## TASK ITEM
Set down all of the data exactly. Pictures stay out of the copy.
▼▼▼
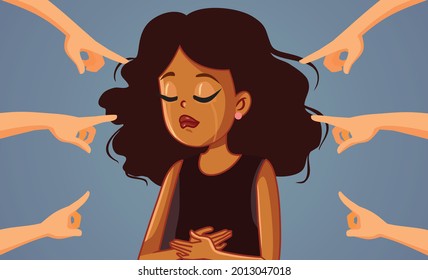 
Hands Pointing to a Crying African Woman. Sad Afro-American girl feeling bullied and harassed due to systemic racism
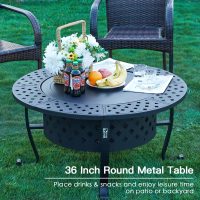 Papajet 36 inch Fire Pit with 2 Grill with Lid for Outside Steel, Black - Image 2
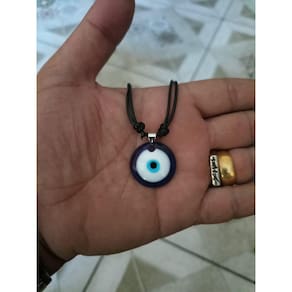Colar Ajustavel Olho Grego Pingente Cabochon Redondo Vidro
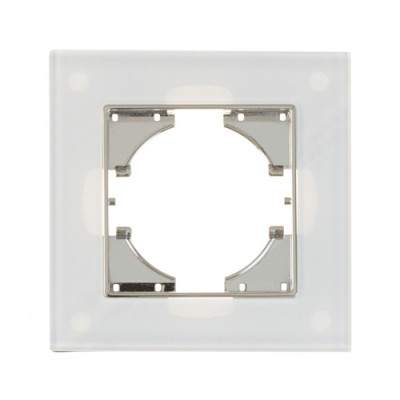 С1110-030 GUSI UGRA РАМКА 1-местная, стекло, цвет белый., С1110-030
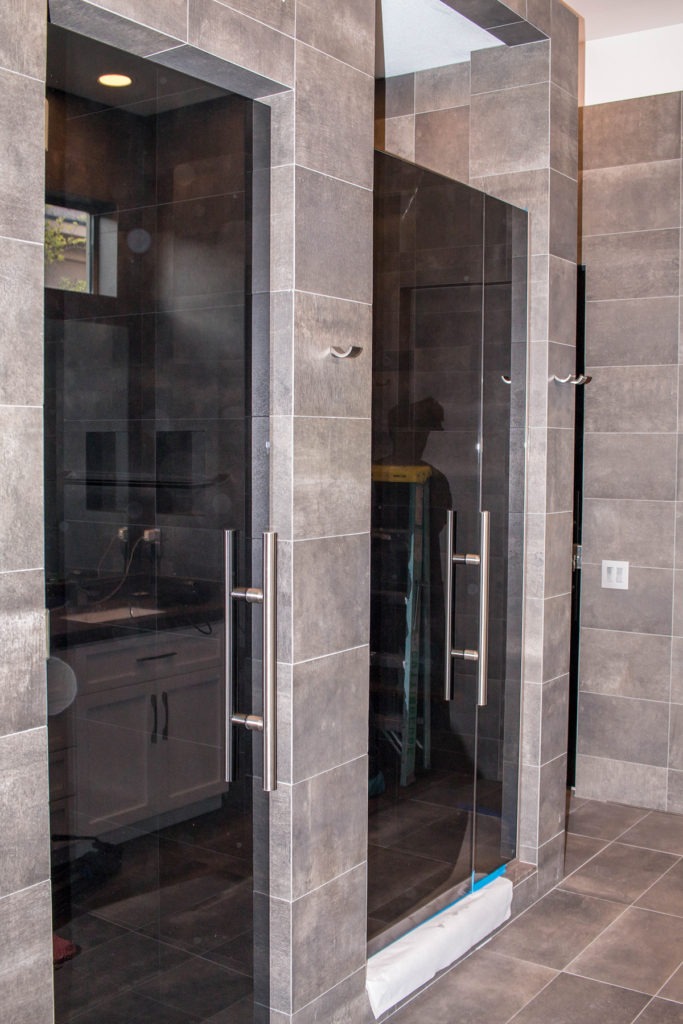 Anthem – Custom Grey Shower - A Cutting Edge Glass & Mirror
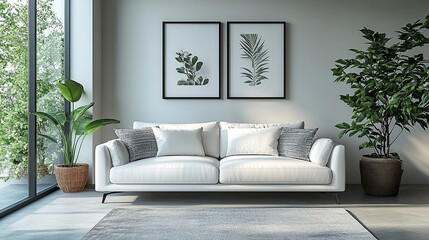 Bright living room featuring a white sofa, artwork, and plants, creating a serene and stylish atmosphere perfect for relaxing at home.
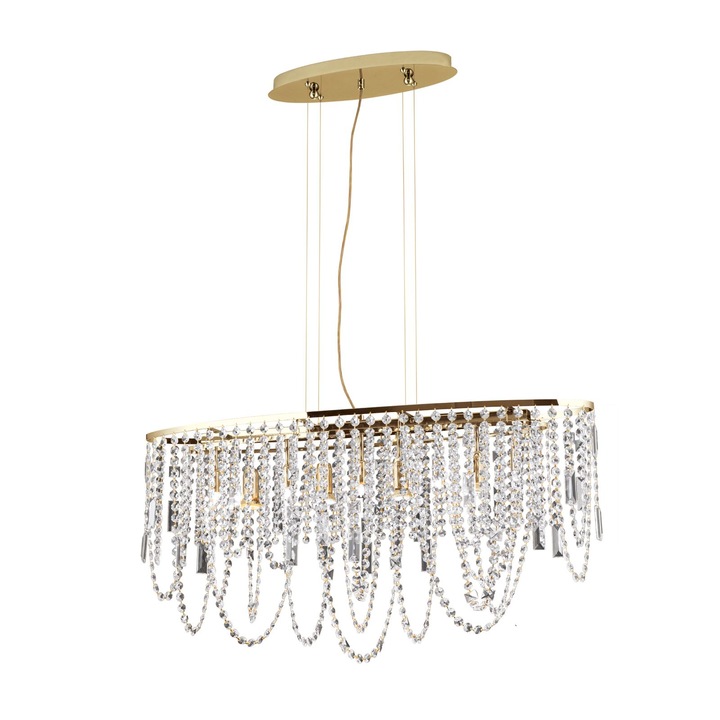 Полилей KRISTALLDESIGN, 90x25 см, 5 лампи G9, масивен месинг, покрит с 24-каратово злато, кристални висулки Schoeler ORION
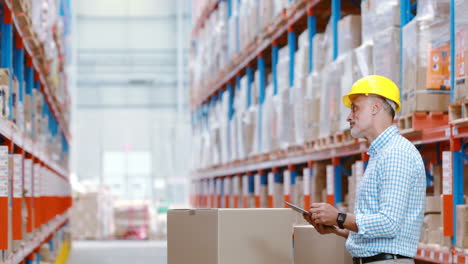 warehouse worker using digital tablet while checking packages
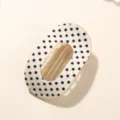 Eleganter ovaler Haarclip aus weißem Acetat mit klassischem schwarzen Punktmuster für Damen - Ovaler Clip / Lose (Ohne Verpackung) / Cremeweiß Schwarz Punktmuster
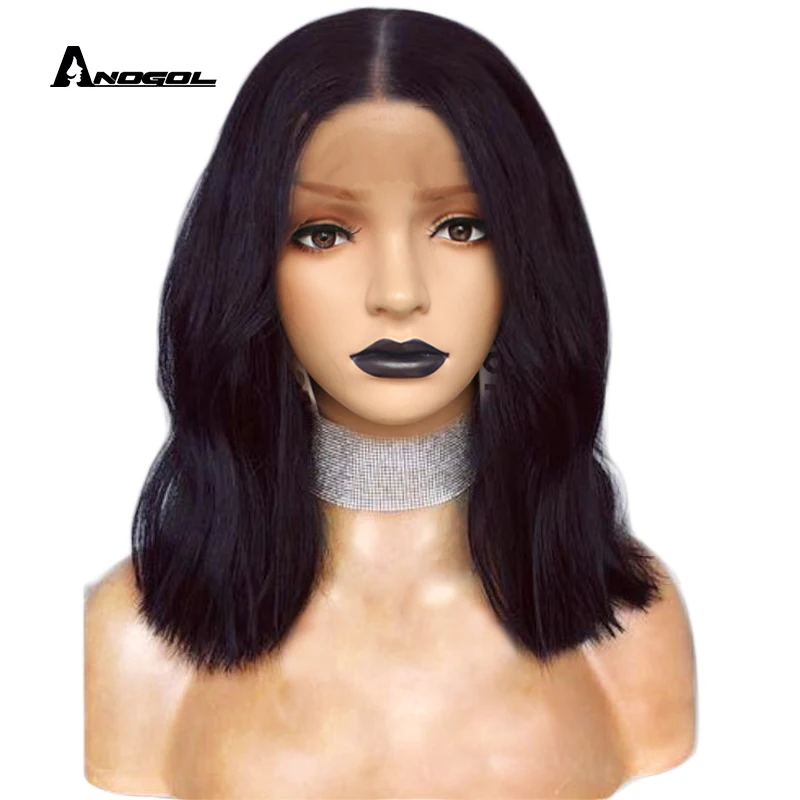 

Anogol 14" Short Natural Wave 1B Wig Bob 180% Density Heat Resistant Hair Synthetic Lace Front Wigs For Black Women Baby Hair
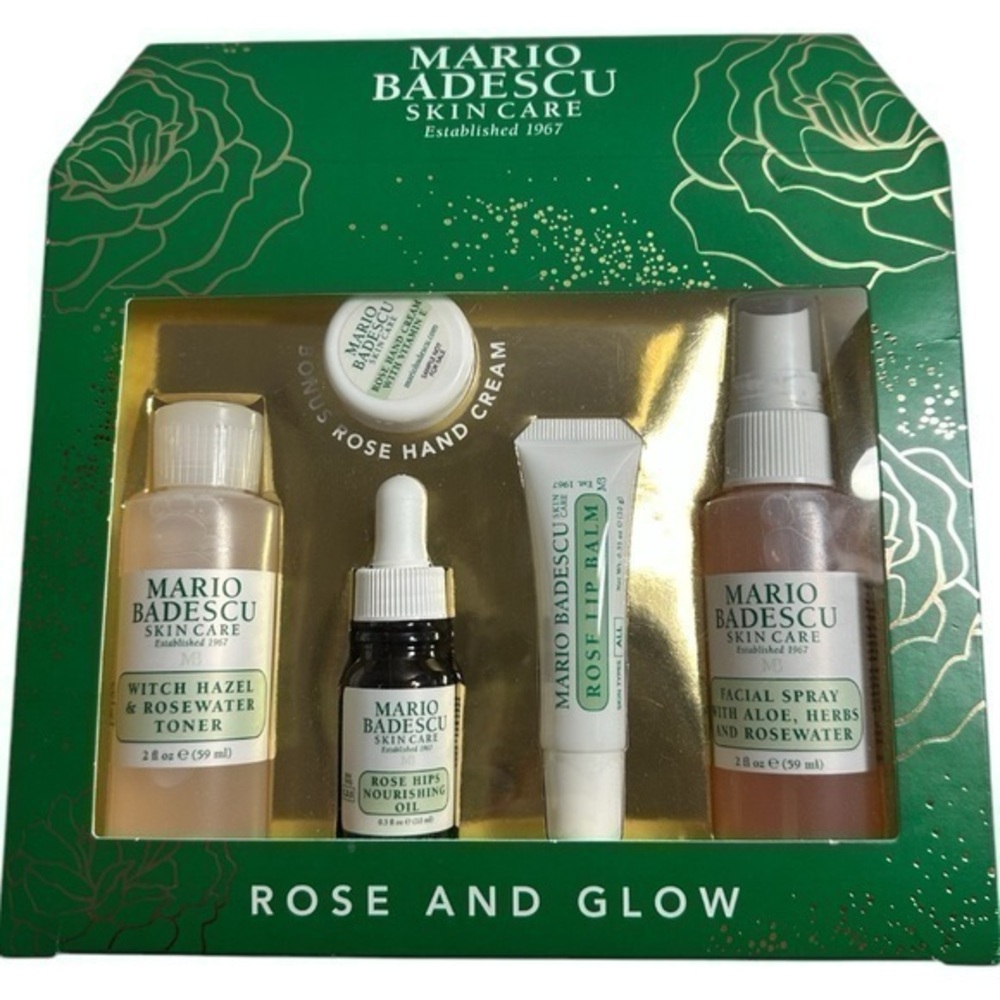 Mario Badescu Skincare 5 Piece Rose & Glow Set Facial Spray Lip Balm Toner Oil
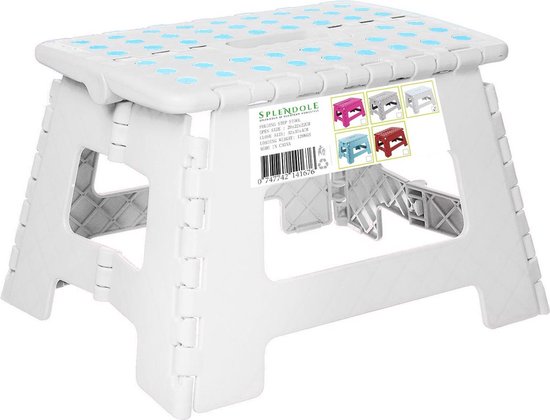 Splendole Opstapje Inklapbaar Caravanopstapje - Opvouwbaar - 100 kg - witte krukje van Splendole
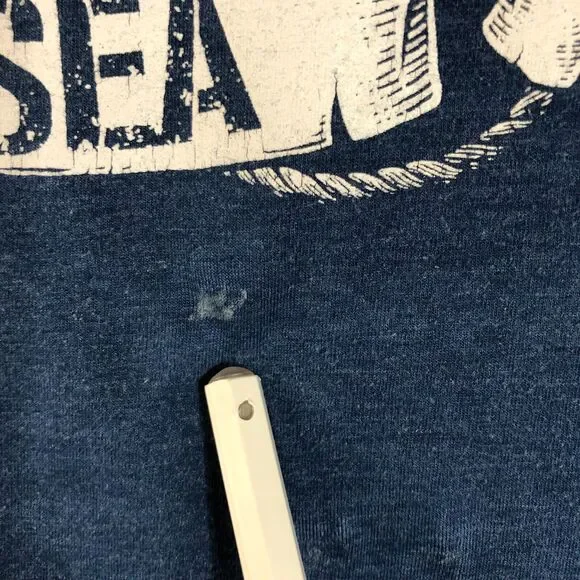 Under Armour Shirt Men Medium‎ Blue Charged Heatgear Graphic Skull Anchor Logo - Picture 3 of 11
▲▲▲
## EXPECTED ANSWER
Hands Pointing to a Crying African Woman. Sad Afro-American girl feeling bullied and harassed due to systemic racism
 Papajet 36 inch Fire Pit with 2 Grill with Lid for Outside Steel, Black - Image 2
Colar Ajustavel Olho Grego Pingente Cabochon Redondo Vidro
 С1110-030 GUSI UGRA РАМКА 1-местная, стекло, цвет белый., С1110-030
 Anthem – Custom Grey Shower - A Cutting Edge Glass & Mirror
 Bright living room featuring a white sofa, artwork, and plants, creating a serene and stylish atmosphere perfect for relaxing at home.
 Полилей KRISTALLDESIGN, 90x25 см, 5 лампи G9, масивен месинг, покрит с 24-каратово злато, кристални висулки Schoeler ORION
 warehouse worker using digital tablet while checking packages
 Eleganter ovaler Haarclip aus weißem Acetat mit klassischem schwarzen Punktmuster für Damen - Ovaler Clip / Lose (Ohne Verpackung) / Cremeweiß Schwarz Punktmuster

Anogol 14" Short Natural Wave 1B Wig Bob 180% Density Heat Resistant Hair Synthetic Lace Front Wigs For Black Women Baby Hair
 Mario Badescu Skincare 5 Piece Rose & Glow Set Facial Spray Lip Balm Toner Oil
 Splendole Opstapje Inklapbaar Caravanopstapje - Opvouwbaar - 100 kg - witte krukje van Splendole
 Under Armour Shirt Men Medium‎ Blue Charged Heatgear Graphic Skull Anchor Logo - Picture 3 of 11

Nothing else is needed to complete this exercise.